WHAT YOU WILL DO: Since pictures are not part of the copy, please output only the lines from the one with "42 lembar jawaban" through the end of the data below, exactly as written.

[[ DATA BELOW, beginning ]]

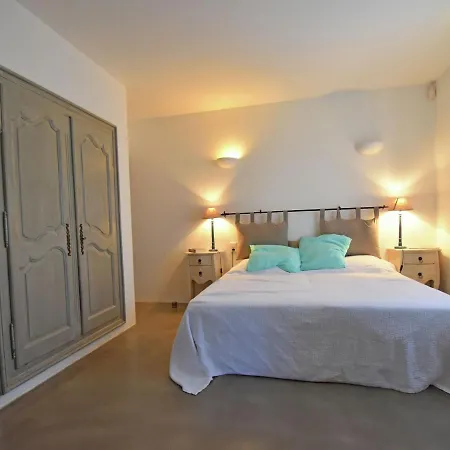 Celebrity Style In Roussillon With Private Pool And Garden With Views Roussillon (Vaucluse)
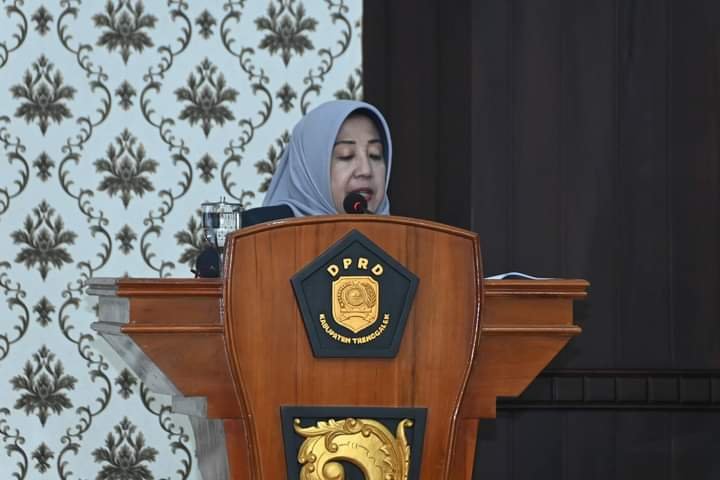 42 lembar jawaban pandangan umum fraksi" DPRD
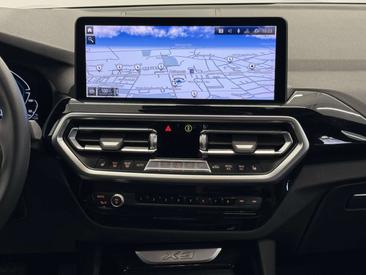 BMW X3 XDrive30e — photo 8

[[ DATA BELOW, end ]]

ANSWER BOX:
 42 lembar jawaban pandangan umum fraksi" DPRD
 BMW X3 XDrive30e — photo 8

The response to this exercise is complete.